### PROMPT
Practice item. Set the material below down again exactly, with no pictures.

### GIVEN MATERIAL

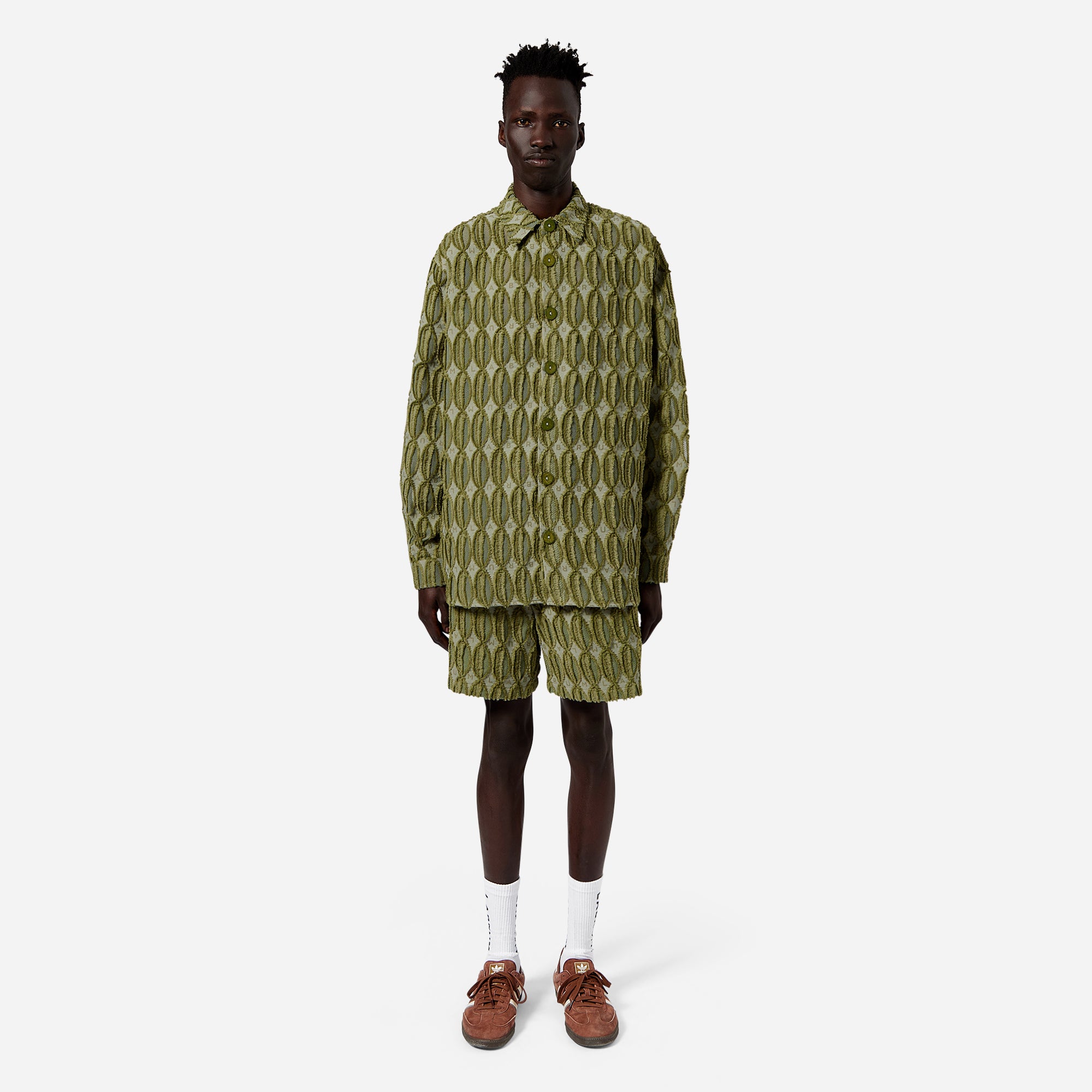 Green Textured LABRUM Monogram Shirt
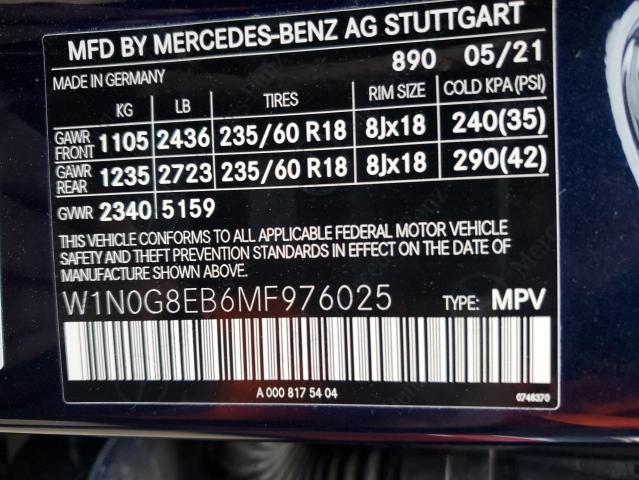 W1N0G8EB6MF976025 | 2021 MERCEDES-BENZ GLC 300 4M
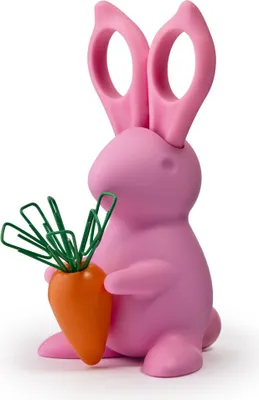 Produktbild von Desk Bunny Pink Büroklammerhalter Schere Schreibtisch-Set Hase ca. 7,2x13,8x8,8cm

### EXERCISE SOLUTION
 Green Textured LABRUM Monogram Shirt
 W1N0G8EB6MF976025 | 2021 MERCEDES-BENZ GLC 300 4M
 Produktbild von Desk Bunny Pink Büroklammerhalter Schere Schreibtisch-Set Hase ca. 7,2x13,8x8,8cm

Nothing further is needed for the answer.